The present act (Pers. Prop. Law, § 12) has not relieved the subject of charities from all difficulties. The pleonastic use of the words "religious, educational and benevolent uses" in conjunction with charitable uses is confusing rather than clarifying to the law of charities. Williams v. Kershaw, referred to in Baker v. Sutton, 1 Keen, 232; Ellis v. Selby, 1 Myl. Craig, 298; James v. Allen, 3 Mer. 17; Matter of Shattuck, 193 N.Y. 454. Some religious and educational uses are not public uses. The employment in the act of 1893 of the legal term, "charitable uses" only would, since the abrogation of the statutes against superstitious uses in this state, probably have been comprehensive enough to include with all former charitable uses all such religious or pious uses as were public. Charitable uses standing alone in the act would, since the repeal of the Statute of Charitable Uses (43 Eliz., chap. 4), have denoted all those uses which were public or charitable uses before the statute of charitable uses (43 Eliz.) and probably including pious or religious uses. See Magill v. Brown, 16 Fed.
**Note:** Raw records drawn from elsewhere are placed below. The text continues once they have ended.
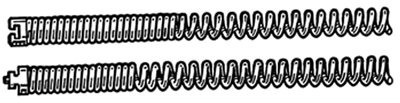 Ridge 62265 RIDGID TIGHT WIND CABLE, C-7, 5/8 IN. X 7-1/2 FT.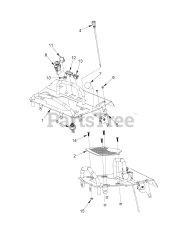 RedMax CV 54 (970465101) - RedMax 54" Stand-On Mower, Kawasaki FX (2020-02)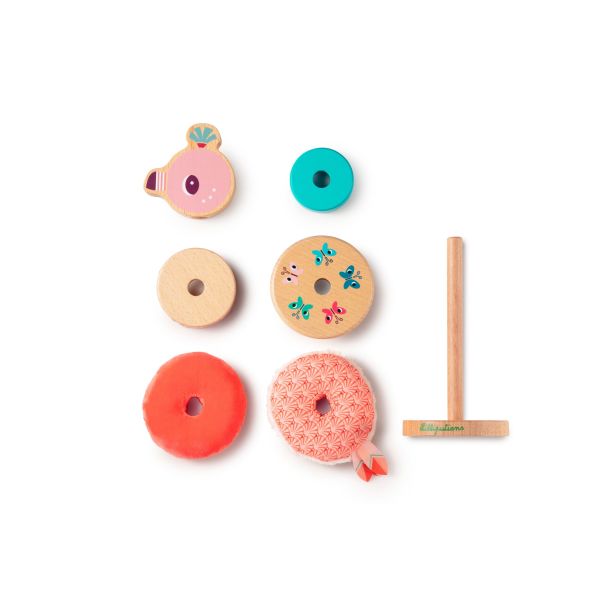 Lilliputiens Piramida za slaganje Anais - 83260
Cas. 429, and note on p. 437, for a list of public or charitable uses. But this particular point need not be discussed at length in this case, as the will of Mr. Cunningham mentioned only uses within the act of 1893 "to regulate gifts for charitable purposes."

As the will of Mr. Cunningham does employ only the words now authorized by the existing statute — charitable and benevolent — no ambiguity should for that reason be imported into the will itself, but some effect, consistent with statutory intention, should be given these terms if possible. What is now charitable is also benevolent. It was not furmerly so. James v. Allen, 3 Mer. 17. Prior to the act of 1893 to regulate gifts for charitable purposes, it was well settled in this state after the year 1830, that no trust, charitable or private, could be supported unless the trust purpose was so clearly defined by the settlor himself, as to enable the court to give effect to it by decree. Owens v. Missionary So. of M.E. Church, 14 N.Y. 406; Bascom v. Albertson, 33 id. 592; Prichard v. Thompson, 95 id. 76. To maintain that a limitation of a charitable trust, defective after 1830 and before 1893 under this canon of construction just noticed, remains still defective since the act of 1893, would be to forget the effect of the practical abrogation of charitable uses in this state between those years. It would beg the whole question as to the effect of the recent legislation in this state. The question now is, what bequests and devises to charity are sufficient in expression either by the common law or under the acts "to regulate gifts for charitable purposes." We have seen that at common law (which includes equity under the decision of Manning v. Manning, supra), there were decisions which would uphold Mr. Cunningham's bequest. If charity is the main purpose of a bequest, and the mode of its execution only is vaguely or defectively expressed, the trust should not be allowed to fail since the recent acts to regulate gifts for charitable purposes, if it is possible to avoid a result so detrimental to the public. Manley v. Fiske, 66 Misc. 388; 139 A.D. 665; 201 N.Y. 546. As I stated before in substance, those acts confide to the courts a greater express power than was ever committed to the Lord Chancellor or his successor in this jurisdiction. The intention of the acts should be respected.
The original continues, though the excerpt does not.